→ Exercise objective: Pictures in the material below are to be left out, and only the lines from the line with "TESLA TECHNICS TT15326" up to and including the line with "Колесный диск Carwel" are to be written out exactly.

→ Information shown:
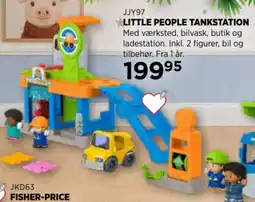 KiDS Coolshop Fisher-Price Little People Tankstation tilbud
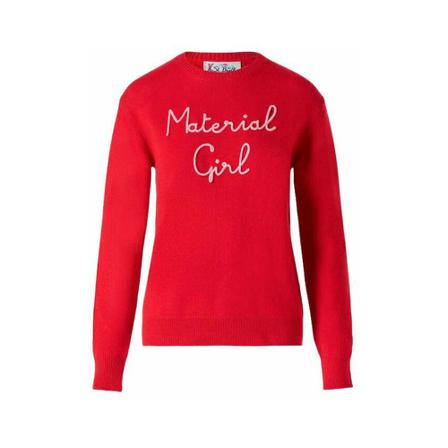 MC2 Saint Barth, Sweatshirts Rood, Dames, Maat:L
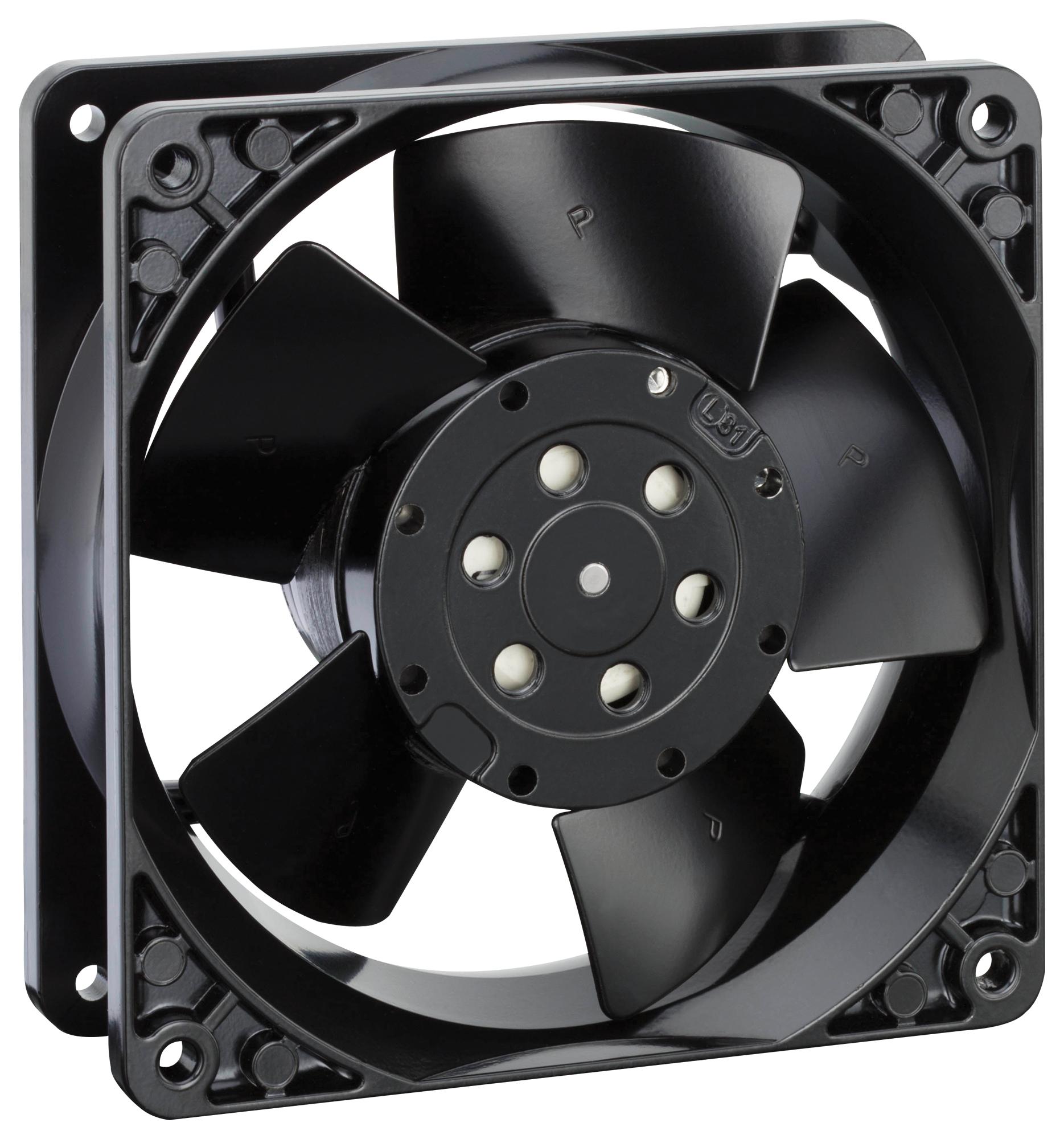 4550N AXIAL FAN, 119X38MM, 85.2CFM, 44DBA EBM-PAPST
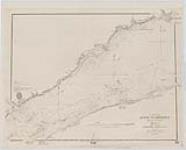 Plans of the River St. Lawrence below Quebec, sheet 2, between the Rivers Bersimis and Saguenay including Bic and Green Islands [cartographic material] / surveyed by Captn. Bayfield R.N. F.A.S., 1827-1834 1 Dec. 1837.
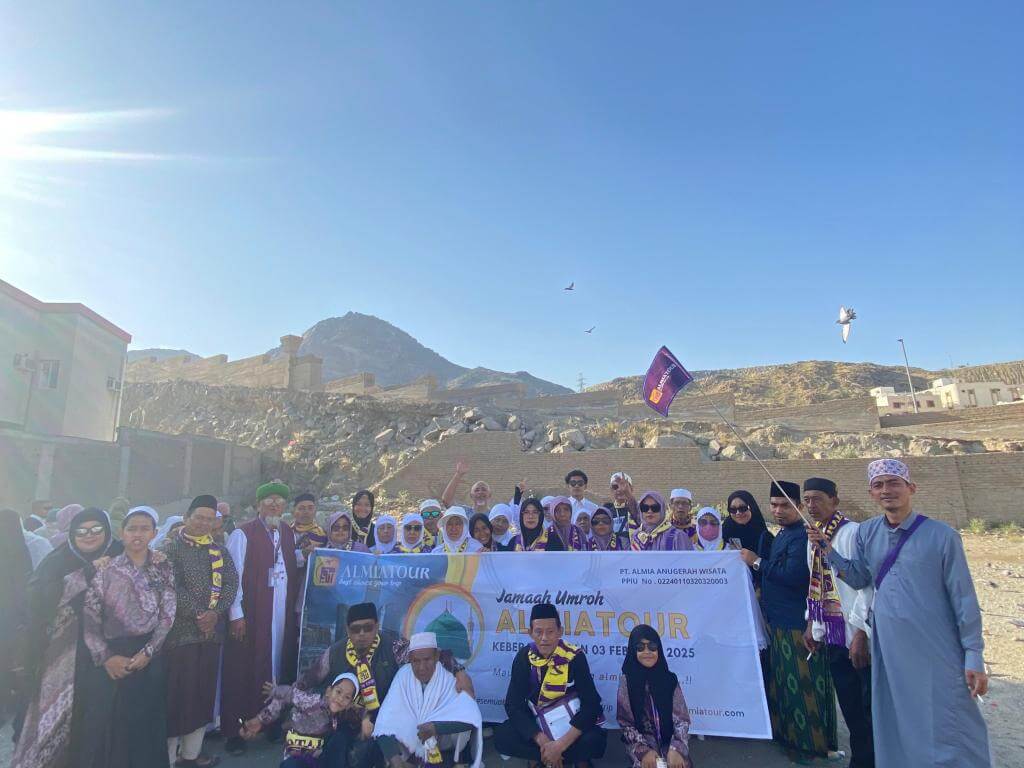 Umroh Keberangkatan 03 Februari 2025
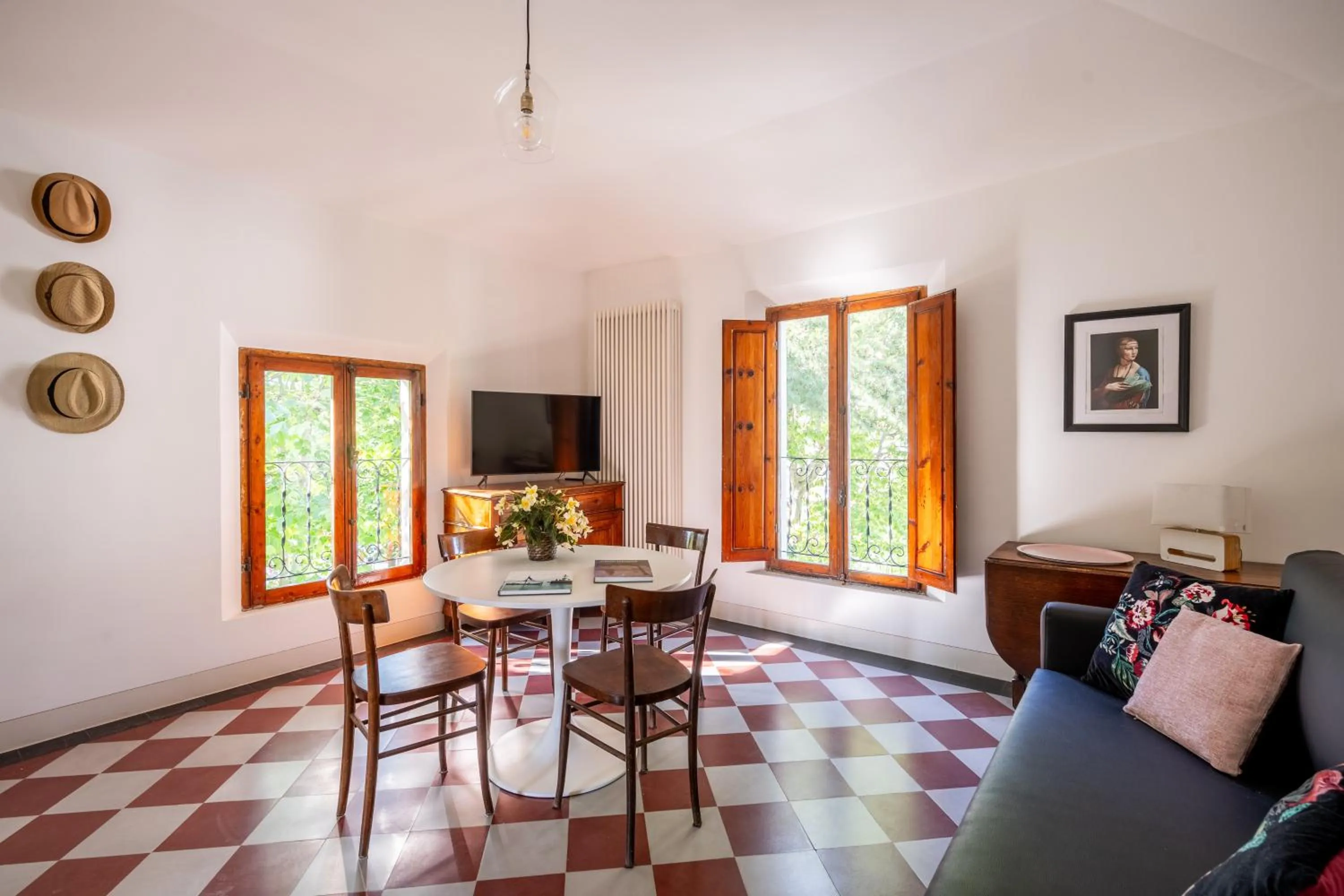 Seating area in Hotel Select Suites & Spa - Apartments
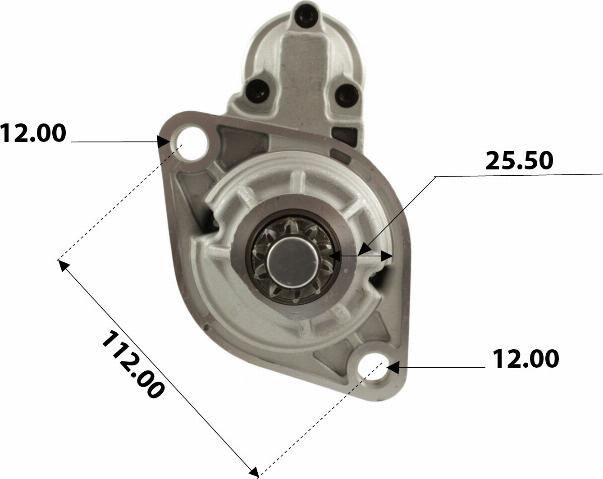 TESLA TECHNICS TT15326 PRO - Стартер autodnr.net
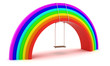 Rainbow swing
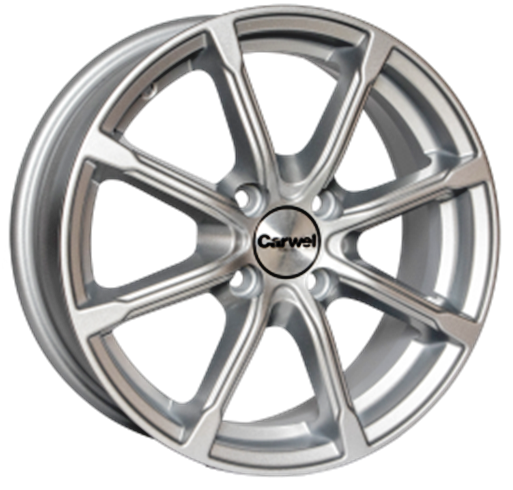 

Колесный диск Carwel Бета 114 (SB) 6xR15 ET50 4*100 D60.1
...
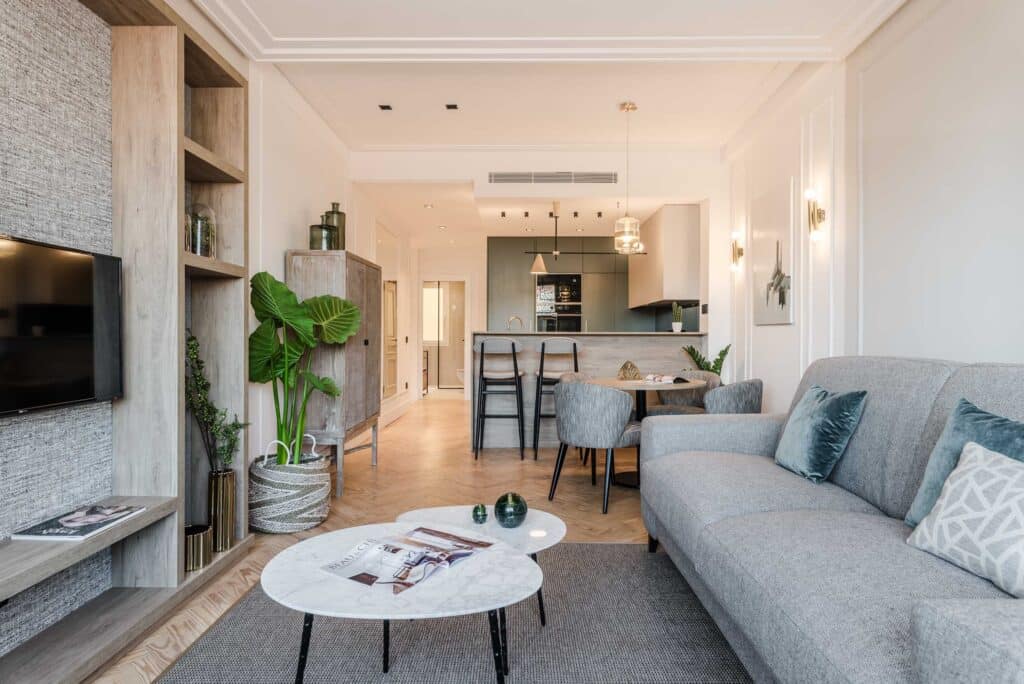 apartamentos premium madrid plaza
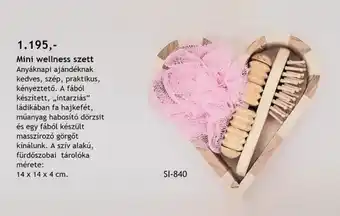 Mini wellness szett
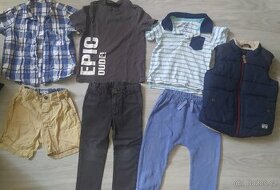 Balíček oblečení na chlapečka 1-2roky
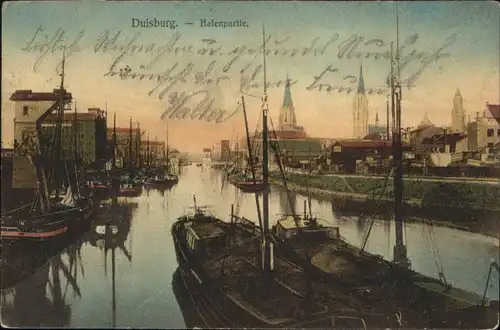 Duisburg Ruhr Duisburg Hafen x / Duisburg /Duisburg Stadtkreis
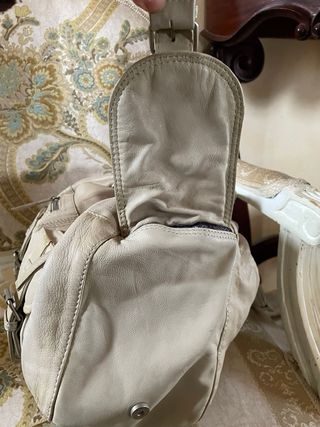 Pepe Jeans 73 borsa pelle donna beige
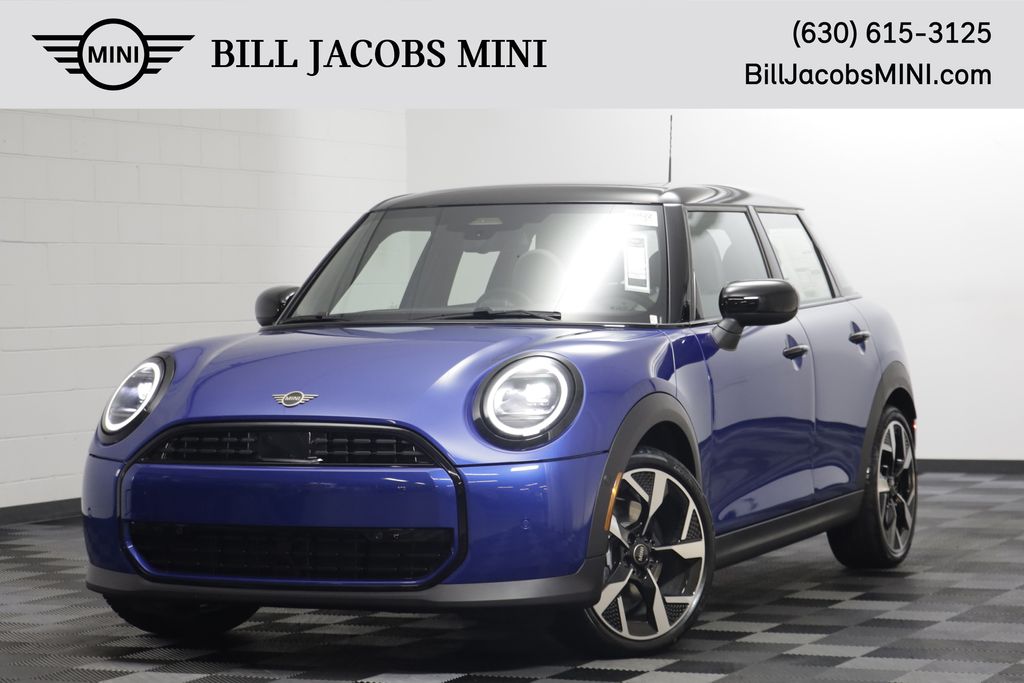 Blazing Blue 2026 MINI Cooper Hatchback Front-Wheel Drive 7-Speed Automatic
---
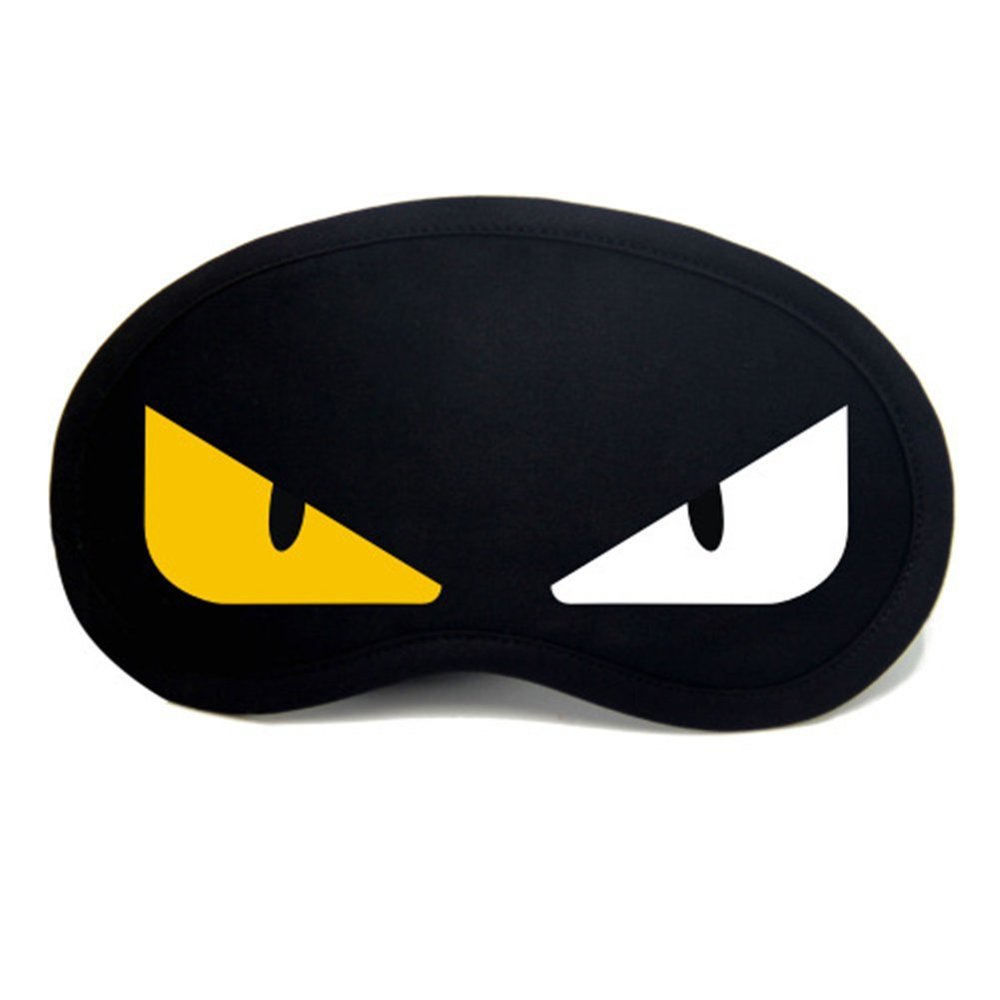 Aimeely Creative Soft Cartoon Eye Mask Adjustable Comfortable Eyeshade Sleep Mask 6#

→ Completed task:
 TESLA TECHNICS TT15326 PRO - Стартер autodnr.net
 Rainbow swing

Колесный диск Carwel Бета 114 (SB) 6xR15 ET50 4*100 D60.1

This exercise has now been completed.